**TASK DETAILS:** Return every line of the data below that includes the string "sink".
╭──
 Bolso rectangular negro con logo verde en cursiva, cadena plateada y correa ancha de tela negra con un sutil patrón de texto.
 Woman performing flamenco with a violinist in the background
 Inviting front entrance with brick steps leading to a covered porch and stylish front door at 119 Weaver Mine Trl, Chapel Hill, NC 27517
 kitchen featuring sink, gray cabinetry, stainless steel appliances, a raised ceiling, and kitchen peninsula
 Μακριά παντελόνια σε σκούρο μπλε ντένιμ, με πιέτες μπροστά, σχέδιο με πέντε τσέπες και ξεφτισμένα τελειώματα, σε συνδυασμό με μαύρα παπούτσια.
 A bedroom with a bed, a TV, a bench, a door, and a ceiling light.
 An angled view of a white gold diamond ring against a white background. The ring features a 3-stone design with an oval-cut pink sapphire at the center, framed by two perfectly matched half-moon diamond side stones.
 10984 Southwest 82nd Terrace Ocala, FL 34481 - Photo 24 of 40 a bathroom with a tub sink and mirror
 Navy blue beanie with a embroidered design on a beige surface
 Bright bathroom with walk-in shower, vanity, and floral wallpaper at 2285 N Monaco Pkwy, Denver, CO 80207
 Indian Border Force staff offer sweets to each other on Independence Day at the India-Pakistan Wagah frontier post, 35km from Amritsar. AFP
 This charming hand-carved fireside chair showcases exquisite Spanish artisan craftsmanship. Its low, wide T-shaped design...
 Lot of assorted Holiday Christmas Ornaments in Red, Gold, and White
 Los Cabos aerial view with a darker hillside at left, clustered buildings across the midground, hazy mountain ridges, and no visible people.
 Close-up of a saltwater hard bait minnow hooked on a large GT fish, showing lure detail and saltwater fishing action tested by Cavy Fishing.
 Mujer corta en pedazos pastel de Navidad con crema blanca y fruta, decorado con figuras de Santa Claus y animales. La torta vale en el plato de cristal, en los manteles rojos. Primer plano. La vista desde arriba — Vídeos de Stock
╰──
**ANSWER SPACE:**
 kitchen featuring sink, gray cabinetry, stainless steel appliances, a raised ceiling, and kitchen peninsula
 10984 Southwest 82nd Terrace Ocala, FL 34481 - Photo 24 of 40 a bathroom with a tub sink and mirror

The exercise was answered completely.